Historic barn is a fixer-upper
June 25, 2008 · Updated 4:40 PM
In an attempt to keep part of the landscape of Central Whidbey Island alive, a construction crew is working on a barn in the heart of Ebey's Landing National Historical Reserve. Rather than an extensive renovation effort, the crew is working just to keep the barn standing.
On Fort Casey Road, between the homes and the fields, is a barn that has been empty and neglected for years. The roof has holes, the red paint is chipping off and and one of the walls toppled several years ago. On a sunny day, light streams through the rafters, making the building look more like a corn crib from the inside than a barn.
To save the old barn, Rob Harbour, manager of Ebey's Landing National Historical Reserve, applied for and received $70,000 in emergency stabilization funds from the National Park Service.
"The priority is to get a roof on it," Harbour said.
Currently, the beams supporting the roof are visible from the roadway. The new roof will keep within historic designs and will use cedar shakes. Harbour hopes the work will be done in early November.
The barn is of a similar design to at least three other barns in the area.
The three-person work crew that will put the barn back in serviceable condition comes out of the North Cascades National Park. They gained experience by restoring fire lookouts and old cabins hidden away in the North Cascades trail system, said Craig Holmquist, trails foreman for North Cascades National Park.
Workers from North Cascades have been working on reserve structures for the past several years.
During the past two years, one other Ebey's Landing structure has received some repair work. Ferry House near Ebey's Landing had its roof replaced and foundation rebuilt.
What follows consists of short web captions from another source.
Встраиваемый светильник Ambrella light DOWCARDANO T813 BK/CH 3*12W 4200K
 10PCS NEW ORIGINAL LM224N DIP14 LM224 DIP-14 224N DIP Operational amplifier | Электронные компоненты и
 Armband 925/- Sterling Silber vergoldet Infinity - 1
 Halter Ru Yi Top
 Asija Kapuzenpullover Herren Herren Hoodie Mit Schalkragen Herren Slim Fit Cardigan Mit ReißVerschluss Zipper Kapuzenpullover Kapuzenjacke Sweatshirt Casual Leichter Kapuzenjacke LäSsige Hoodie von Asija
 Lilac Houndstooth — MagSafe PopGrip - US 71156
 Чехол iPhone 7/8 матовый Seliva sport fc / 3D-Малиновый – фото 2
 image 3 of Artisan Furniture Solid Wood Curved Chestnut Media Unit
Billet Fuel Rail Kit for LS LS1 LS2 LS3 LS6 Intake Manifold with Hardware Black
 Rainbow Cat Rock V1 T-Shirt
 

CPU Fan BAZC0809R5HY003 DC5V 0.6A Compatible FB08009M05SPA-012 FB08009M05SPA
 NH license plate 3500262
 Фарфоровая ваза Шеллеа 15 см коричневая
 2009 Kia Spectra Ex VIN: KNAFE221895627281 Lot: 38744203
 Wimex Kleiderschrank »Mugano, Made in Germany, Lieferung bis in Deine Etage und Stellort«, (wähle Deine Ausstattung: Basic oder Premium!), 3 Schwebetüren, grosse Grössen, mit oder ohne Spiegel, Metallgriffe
The barn presently being restored was built around 1940 by Gus Rueble, who bought the farm and land from the Gillespie family in 1935.
In 1979, Reuble sold the property to Robert Engle. Three years ago the Reserve purchased the farm outright to ensure the land retains its agricultural purpose.
Harbour said the barn's future use is uncertain. The barn is too small to store farm machinery but Reserve officials are considering other uses.
"It's kind of up in the air," Harbour said.
The barn, and the future of the Reuble and Engle Farm, are topics that the Reserve is dealing with as it maps out a general management plan that should be complete sometime next year.